For game AI development, I am currently using a slight modification on the DFS "count the islands" problem (specification below) as a solution to the One Hive Rule for the game of Hive. This may not be the ideal solution so I am open to any other ideas if you note DFS is not the best approach. Thank you.
Given a 2d grid map of '1's (land) and '0's (water), count the number of islands. An island is surrounded by water and is formed by connecting adjacent lands horizontally or vertically. You may assume all four edges of the grid are all surrounded by water.

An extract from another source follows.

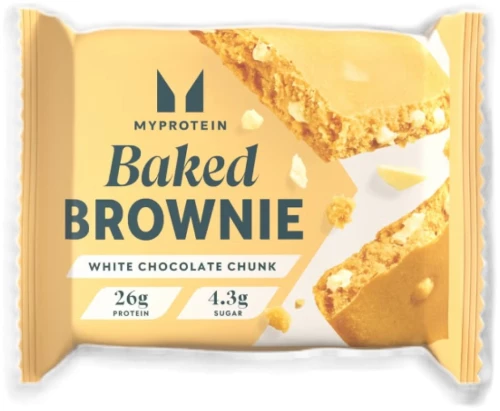 MyProtein Baked Protein Brownie [75 Γραμμάρια] Λευκή σοκολάτα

My version utilises a 2D map (matrix) which represents a hexagonal board for the game.
The differences are:
- My implementation uses hexagons so each cell has 6 neighbours, not 8
Blanks represent 0s and anything else are 1s- My implementation purposely stops if/when it finds more than one island/hive
My question is can the code be improved with regards to time complexity?
from insects import Blank
class HiveGraph:
def __init__(self, board):
self.row = board.height
self.col = board.width
self.visited = [[False for _ in range(self.col)] for _ in range(self.row)]
self.graph = board.board
# A function to check if a given hexagon can be included in DFS
def is_safe(self, row, col):
# row number is in range,
# column number is in range,
# and hexagon is Blank and not yet visited
return (0 <= row < self.row and
0 <= col < self.col and
not self.visited[row][col] and
type(self.graph[row][col]) is not Blank)
# DFS for a 2D matrix. It only considers
# the 6 neighbours as adjacent pieces
def dfs(self, row, col):
print(row, col)
# These arrays are used to get row and
# column numbers of 6 neighbours
# of a given hexagon
if col % 2 == 1:
row_nbr = [-1, 0, 0, 1, 1, 1]
col_nbr = [ 0, -1, 1, -1, 0, 1]
else:
row_nbr = [-1, -1, -1, 0, 0, 1]
col_nbr = [-1, 0, 1, -1, 1, 0]
# Mark this hexagon as visited
self.visited[row][col] = True
# Recur for all connected neighbours
for k in range(6):
if self.is_safe(row + row_nbr[k], col + col_nbr[k]):
self.dfs(row + row_nbr[k], col + col_nbr[k])
def one_hive(self):
# Initialize count as 0 and traverse
# through the all hexagons of given matrix
count = 0
for row in range(self.row):
for col in range(self.col):
# If a hexagon not Blank and is not visited yet,
# then new hive found
if not self.visited[row][col] and type(self.graph[row][col]) is not Blank:
# Visit all hexagons in this hive
# and increment hive count
count += 1
if count > 1:
return False
self.dfs(row, col)
return True
Refer to this image for row, col matrix values for the layout of hexagons: Hexagon encoding for matrix
1 Answer 1
Given there are only 22-28 tiles in a Hive game, the time complexity of the check probably doesn't matter much. Nevertheless, a modified scanline fill algorithm might be faster than a DFS. This answer explains the algorithm fairly well. In this use case it might be easier to scan down the columns instead of across the rows.
From the rules of the Hive game, it seems the "one hive rule" would need to be checked when a tile is put down on the playing field and when it is picked up from the playing field (e.g., to move it). When a tile is put down, it is sufficient to make sure it touches another tile (beside or on top).
When a tile is picked up, it is necessary to make sure it's former neighbor tiles are still connected via another path. This may be trivial such as when the neighbors are adjacent, or may require searching for a path using a DFS, BFS, spanning tree, or fill/paint algorithm.
In any case, the AI should know which tile is being moved, so it shouldn't be necessary to scan the hex grid. Just start from one of the tiles neighbors.